Identify five components that can lead to a successful meeting.
Description: When was your last bad meeting? Last week? Yesterday? An hour ago?
We’ve all been in bad meetings — meetings that drag on, meetings that don’t seem to have a purpose, and meetings that don’t end with concrete next steps. What’s the solution? In a new IHI Open School Short, Bob Pozen, a senior lecturer at Harvard Business School and a senior research fellow at the Brookings Institution, provides clear, simple advice on how to run a good meeting.
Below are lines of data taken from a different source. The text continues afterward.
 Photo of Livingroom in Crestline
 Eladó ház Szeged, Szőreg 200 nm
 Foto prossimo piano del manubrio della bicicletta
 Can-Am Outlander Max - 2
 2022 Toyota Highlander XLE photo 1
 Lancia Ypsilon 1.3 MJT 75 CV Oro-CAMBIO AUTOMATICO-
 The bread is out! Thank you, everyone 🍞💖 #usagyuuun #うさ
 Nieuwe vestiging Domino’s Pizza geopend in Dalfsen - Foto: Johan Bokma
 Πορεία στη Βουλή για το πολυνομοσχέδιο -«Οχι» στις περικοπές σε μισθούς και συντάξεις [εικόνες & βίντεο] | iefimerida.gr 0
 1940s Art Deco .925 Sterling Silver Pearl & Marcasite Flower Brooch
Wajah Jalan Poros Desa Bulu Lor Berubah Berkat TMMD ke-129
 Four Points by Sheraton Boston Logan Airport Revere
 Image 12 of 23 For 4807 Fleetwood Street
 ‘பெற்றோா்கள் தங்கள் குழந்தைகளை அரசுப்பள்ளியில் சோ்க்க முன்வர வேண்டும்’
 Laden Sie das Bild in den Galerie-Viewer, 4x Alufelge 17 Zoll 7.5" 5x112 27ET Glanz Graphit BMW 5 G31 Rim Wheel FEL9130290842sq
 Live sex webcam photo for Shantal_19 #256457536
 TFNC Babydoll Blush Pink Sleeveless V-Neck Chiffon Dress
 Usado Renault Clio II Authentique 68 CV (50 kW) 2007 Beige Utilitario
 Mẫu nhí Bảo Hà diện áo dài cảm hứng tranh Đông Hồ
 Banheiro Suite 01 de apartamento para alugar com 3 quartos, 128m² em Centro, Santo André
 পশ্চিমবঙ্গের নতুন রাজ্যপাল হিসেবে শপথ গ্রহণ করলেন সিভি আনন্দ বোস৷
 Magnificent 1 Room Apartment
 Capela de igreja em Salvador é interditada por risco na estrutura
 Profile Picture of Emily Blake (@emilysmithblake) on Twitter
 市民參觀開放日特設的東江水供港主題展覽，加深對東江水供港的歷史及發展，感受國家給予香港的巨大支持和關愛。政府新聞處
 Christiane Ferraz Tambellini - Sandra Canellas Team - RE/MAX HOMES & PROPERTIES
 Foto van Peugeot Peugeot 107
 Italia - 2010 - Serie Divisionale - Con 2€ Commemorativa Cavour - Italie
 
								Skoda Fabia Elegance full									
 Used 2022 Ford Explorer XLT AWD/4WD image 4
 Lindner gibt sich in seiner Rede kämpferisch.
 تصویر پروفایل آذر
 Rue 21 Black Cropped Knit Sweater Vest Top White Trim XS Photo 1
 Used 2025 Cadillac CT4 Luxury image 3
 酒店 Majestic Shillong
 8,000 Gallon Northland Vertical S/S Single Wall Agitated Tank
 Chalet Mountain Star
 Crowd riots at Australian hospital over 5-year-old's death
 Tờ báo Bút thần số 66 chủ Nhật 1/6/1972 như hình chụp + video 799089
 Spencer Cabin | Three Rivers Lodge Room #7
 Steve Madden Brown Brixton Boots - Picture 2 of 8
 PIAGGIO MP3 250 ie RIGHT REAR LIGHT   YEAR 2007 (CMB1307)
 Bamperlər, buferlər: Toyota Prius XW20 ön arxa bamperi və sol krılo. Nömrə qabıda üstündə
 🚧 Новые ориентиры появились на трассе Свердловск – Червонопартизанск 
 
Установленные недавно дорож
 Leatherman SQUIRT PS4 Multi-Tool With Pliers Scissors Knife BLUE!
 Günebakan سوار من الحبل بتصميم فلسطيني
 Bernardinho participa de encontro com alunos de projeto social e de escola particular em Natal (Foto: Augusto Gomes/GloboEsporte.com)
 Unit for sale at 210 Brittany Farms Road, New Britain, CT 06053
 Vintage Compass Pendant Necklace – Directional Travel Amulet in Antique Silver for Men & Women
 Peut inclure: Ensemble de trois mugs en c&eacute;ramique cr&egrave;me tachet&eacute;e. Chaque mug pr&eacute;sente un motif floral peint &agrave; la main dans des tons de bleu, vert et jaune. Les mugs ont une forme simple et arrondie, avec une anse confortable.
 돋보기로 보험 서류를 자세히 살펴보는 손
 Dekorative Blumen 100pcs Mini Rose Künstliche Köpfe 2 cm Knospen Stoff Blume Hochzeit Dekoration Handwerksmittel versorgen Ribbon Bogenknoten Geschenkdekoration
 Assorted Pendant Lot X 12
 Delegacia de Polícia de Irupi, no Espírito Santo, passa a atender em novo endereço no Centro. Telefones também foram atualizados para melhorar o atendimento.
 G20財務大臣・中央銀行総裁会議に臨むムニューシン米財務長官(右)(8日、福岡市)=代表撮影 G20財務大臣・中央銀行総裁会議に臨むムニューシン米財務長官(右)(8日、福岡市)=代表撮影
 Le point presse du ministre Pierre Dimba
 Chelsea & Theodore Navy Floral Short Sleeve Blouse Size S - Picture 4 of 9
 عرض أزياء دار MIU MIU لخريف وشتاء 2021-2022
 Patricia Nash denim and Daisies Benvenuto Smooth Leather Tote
Pozen, the author of Extreme Productivity: Boost Your Results, Reduce Your Hours, shares practical tips on when to call a meeting, how to prepare for a meeting, and how to effectively lead a meeting. With help from a vignette, he also shares the bad behaviors we should all avoid. “While these principles for good meetings seem straightforward, they are violated all the time,” Pozen says. “But you can take the lead in your organization in improving meetings by following the simple rules in this video.”
Discussion Questions:
- Pozen presented four appropriate reasons for scheduling a meeting. Do you agree with his list? What, if anything, would you add or remove?
- Pozen shared five common mistakes leaders make in meetings. Which one do you think is most detrimental to a meeting?
- Pozen shared five keys to a good meeting. Which one do you think is most important to running a good meeting?
- Think about the last effective meeting you had. Why was it so effective?
- Think about the last ineffective meeting had. Why was it so ineffective?